Even with load balancing, token traffic is inherently unpredictable. Some experts may receive far more tokens than others in a given batch. But an expert runs on a specific device/TPU core/GPU block, so it has compute and memory limits.
This is where expert capacity comes in.
Definition:
The expert capacity determines the maximum number of tokens an expert is allowed to process in a batch.
It is typically:
[ \text{capacity} = \text{capacity factor} \times \frac{\text{batch size} \times \text{tokens per sample}}{\text{num experts}} ]
Where:
- Capacity factor ≈ 1.0–2.0 (tunable)
- Larger factor → more slack → fewer dropped tokens
- Smaller factor → tighter packing → fewer memory spikes
Token Dropping: A Consequence of Capacity
⭐ Switch Transformers’ Key Insight
Because each token only goes to one expert, if that expert is at capacity, the token must be dropped (or re-routed depending on configuration).
Two modes exist:
-
Dropping (Switch-default)
- If expert (E_i) is full, the token is completely dropped (no expert FFN applied).
- The model uses the skip connection output instead.
- This surprisingly still works well.
-
Rerouting (less common)
- If expert (E_i) is full, send the token to the next-best expert.
- Reduces drops but increases compute.
Dropping tokens sounds alarming, but because residual connections bypass the MoE layer, the network remains stable - this is similar to Dropout in spirit.
2. Fine-Grained Top-K Routing (e.g., Top-8)
Earlier models used top-1 (Switch) or top-2 (GLaM, Mixtral) routing.

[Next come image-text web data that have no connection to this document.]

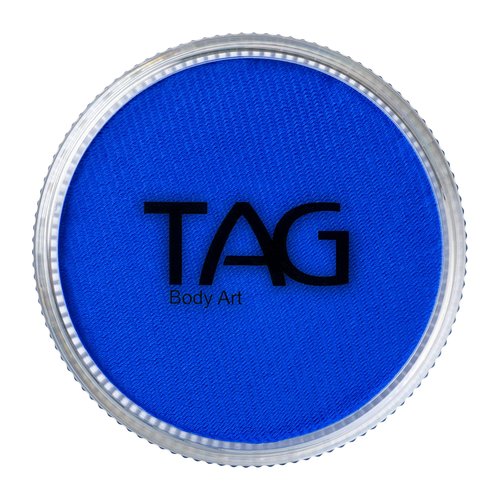 TAG Face and Body Paint - Regular Royal Blue 90gm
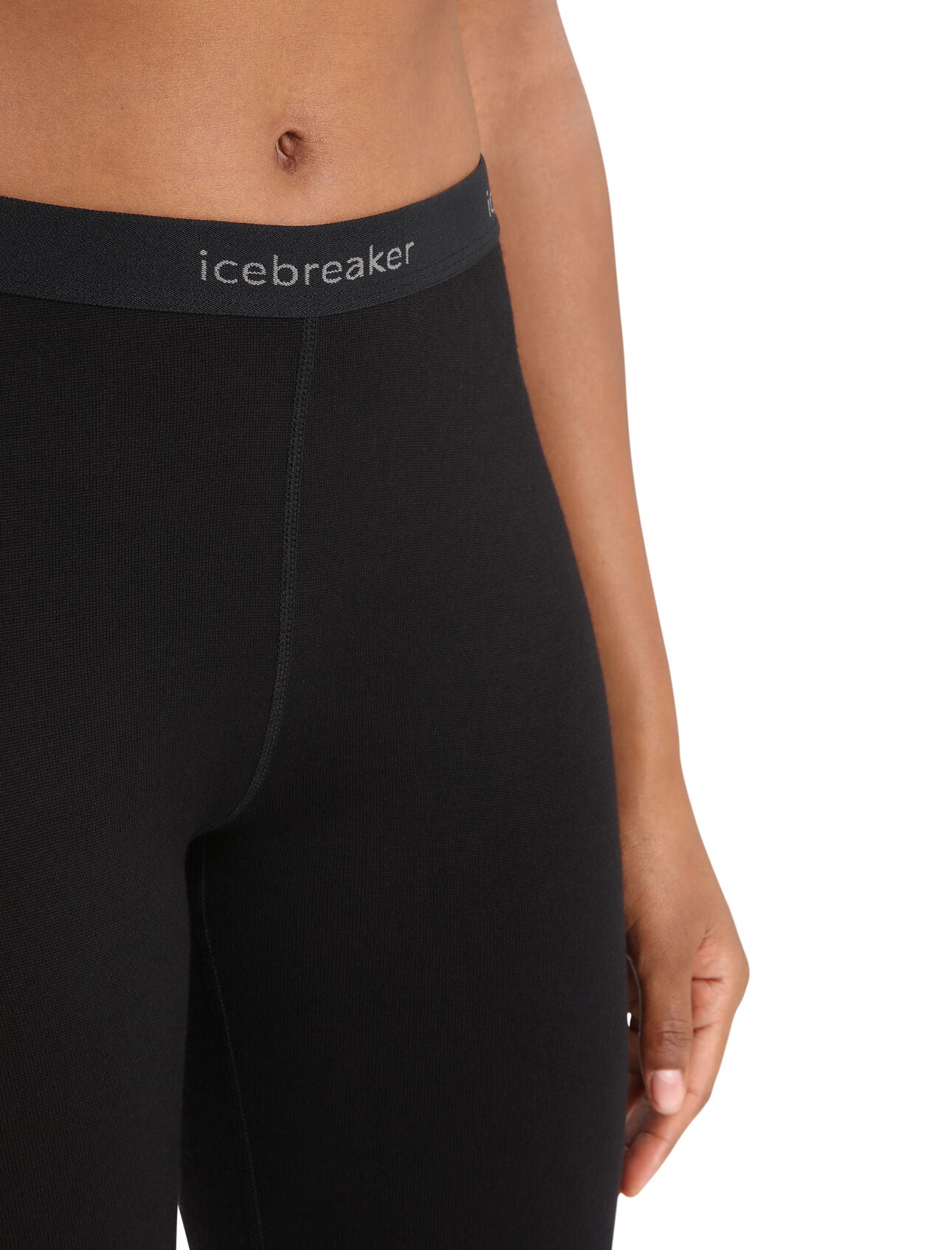 Icebreaker Legging 260 Tech - Femme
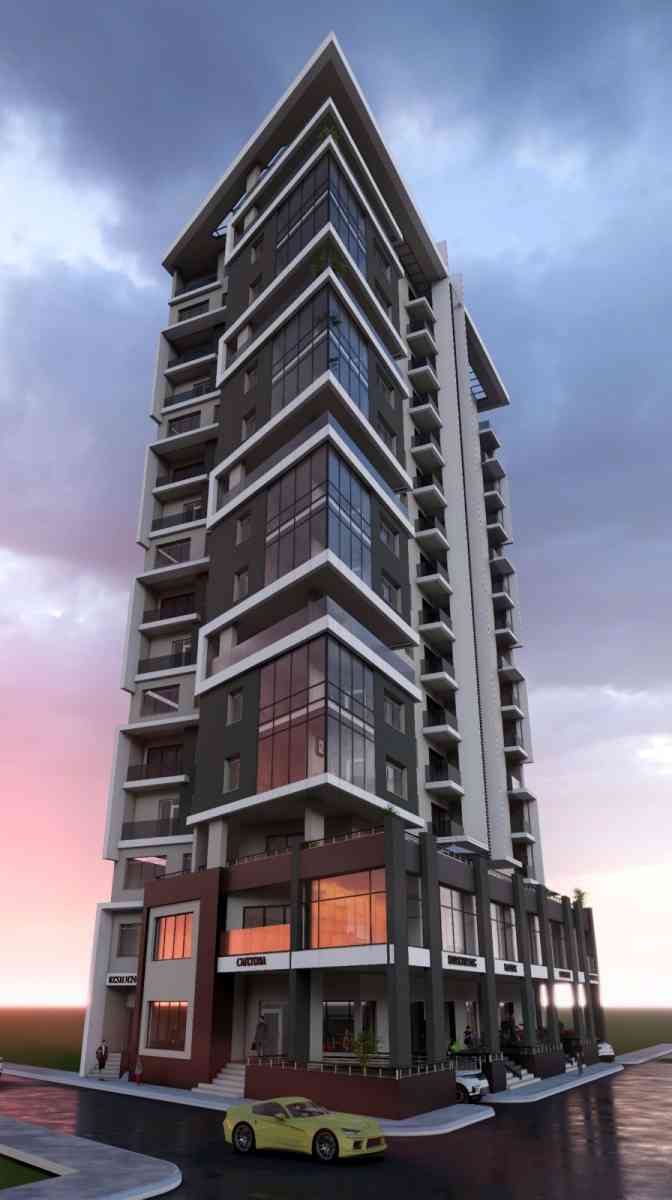 nouveau projet a Chraga - Cheraga, Alger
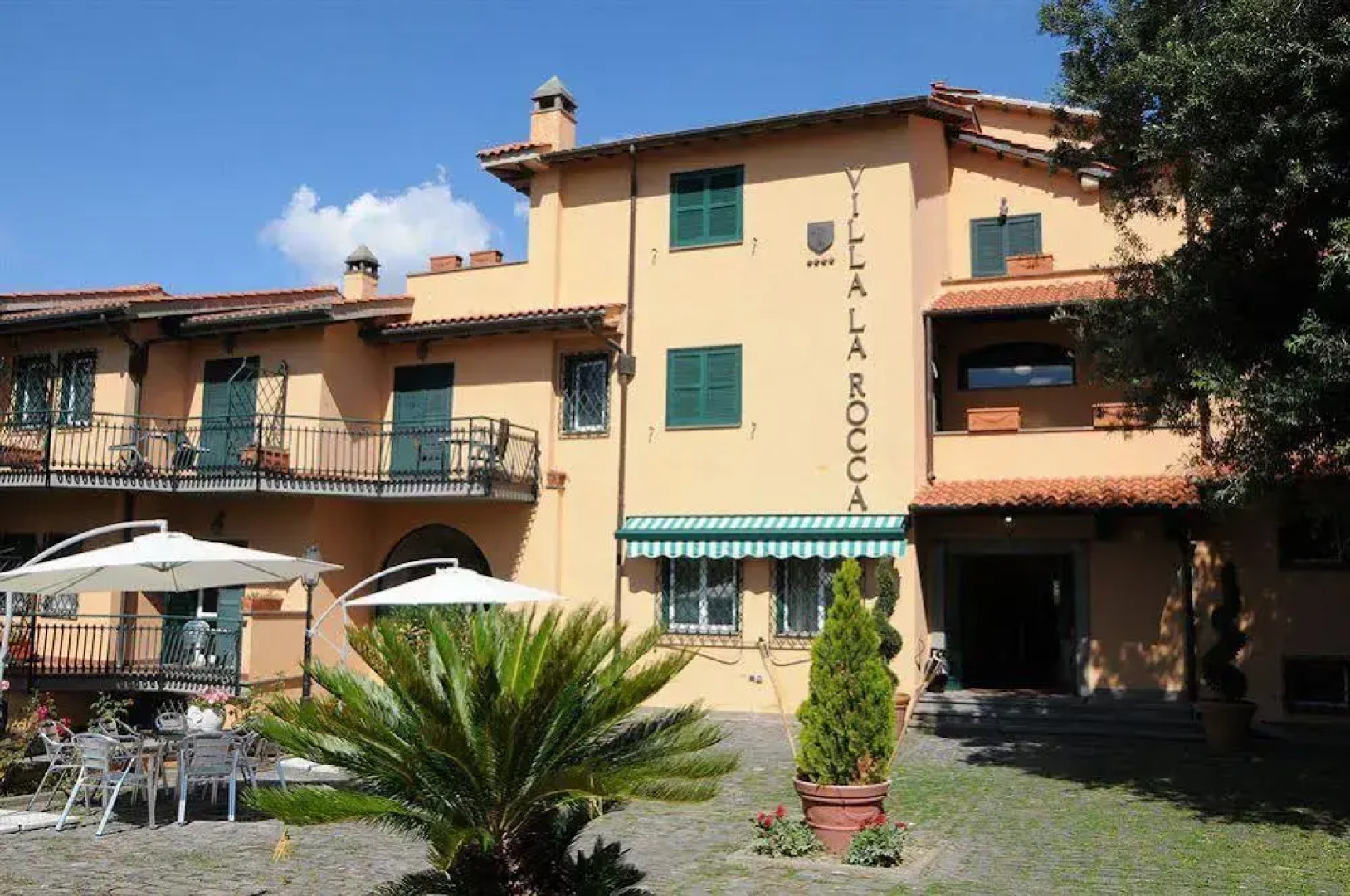 Hotel Villa La Rocca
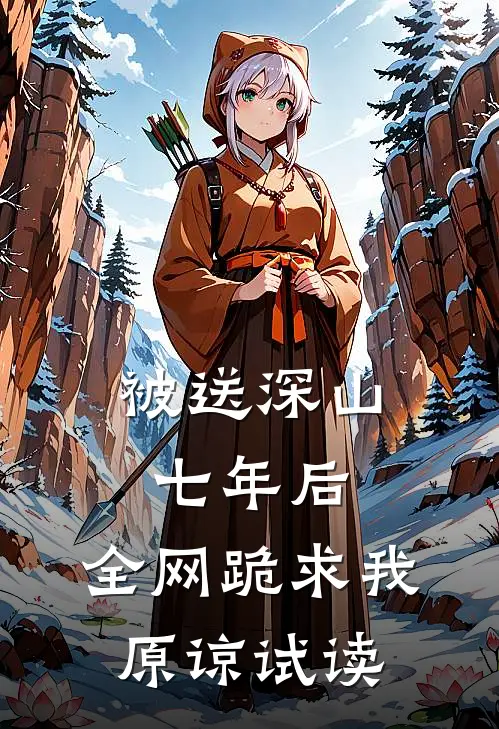 被送深山七年后，全网跪求我原谅试读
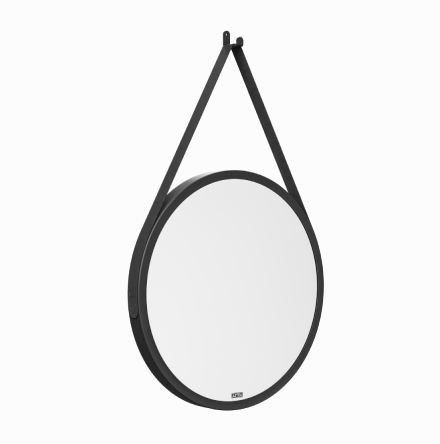 Athos Mirror with Frame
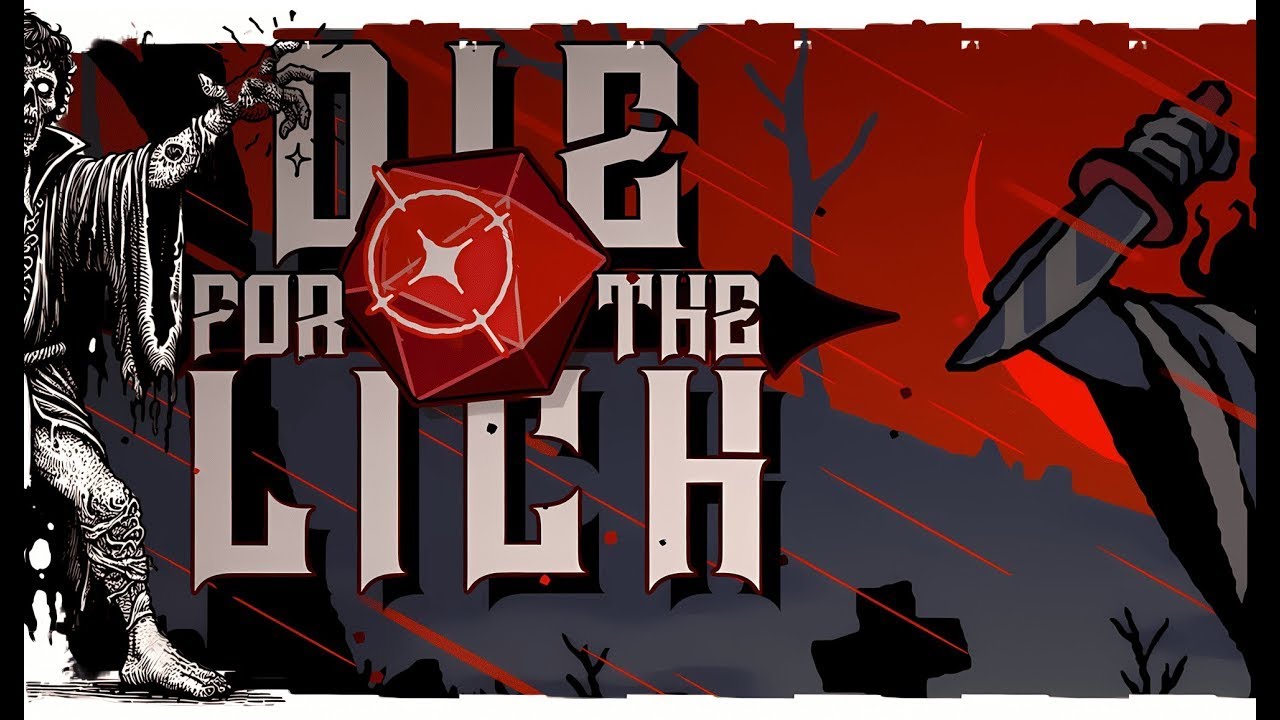 Die For The Lich - Venom Hatchet Build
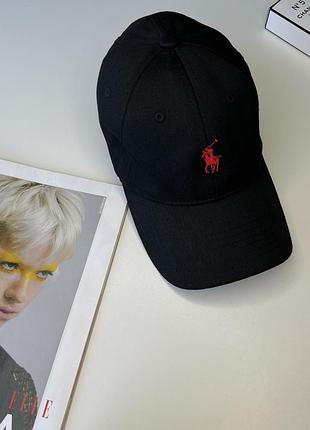 Кепка polo ralph lauren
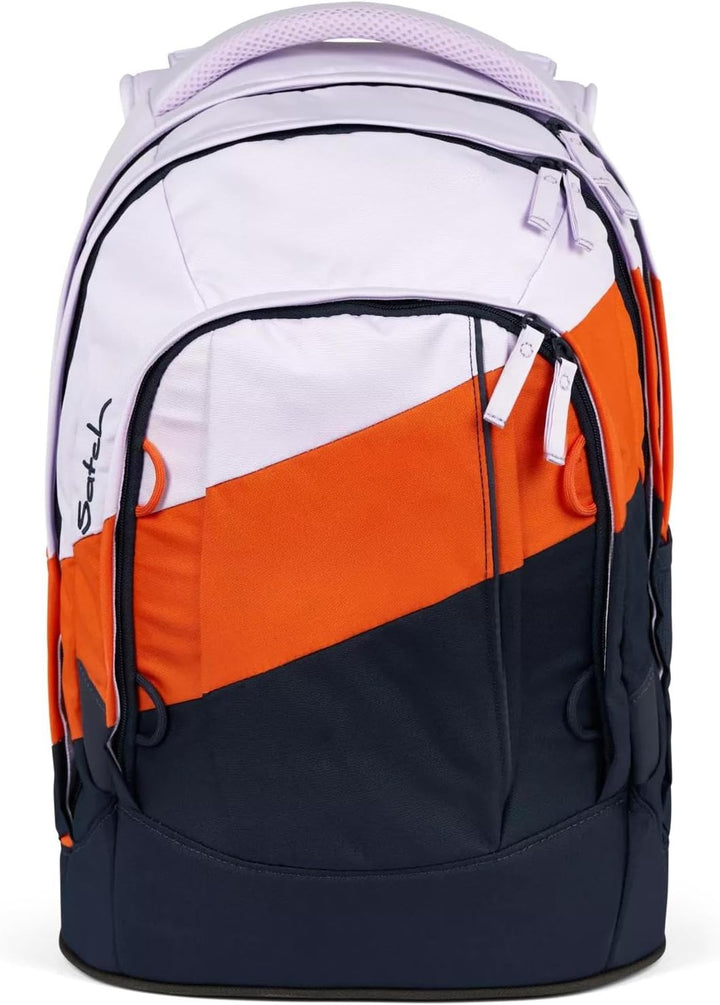 Satch Pack ab 5. Klasse ergonomisch 30L Stauraum standfest Organisationstalent 45 x 30 x 22 cm Sun C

DeepSeek moved to top-8 routing - a larger expert subset.
Why this matters:
More experts per token means:
✔ fewer dropped tokens ✔ smoother traffic across experts ✔ better expert specialization ✔ higher throughput (counterintuitive, but true due to parallelism) ✔ more stable gradients
Top-8 routing reduces the shard-level traffic spikes that plagued top-1 MoE models. Experts no longer starve or overload; each gets enough gradient flow to “find a role.”
3. Shared Experts + Private Experts (Hierarchical MoE)
This may be DeepSeek’s most clever idea.
Each MoE layer consists of two kinds of experts:
1. Shared Experts
- A small number of experts used by all tokens
- Capture globally useful patterns (syntax, generic logic, common structures)
2. Private Experts
- A large set of experts only used by specific groups of tokens
- Capture specialized skills (math, multilingual structures, code behavior, reasoning chains)
Why this helps:
Shared experts:
- ensure every token has a reliable fallback
- prevent rare experts from starving
- stabilize early-stage training
Private experts:
- allow intense specialization
- reduce interference across modes
- unlock domain-specific capabilities
This hybrid structure is much more robust than pure private-expert MoE systems.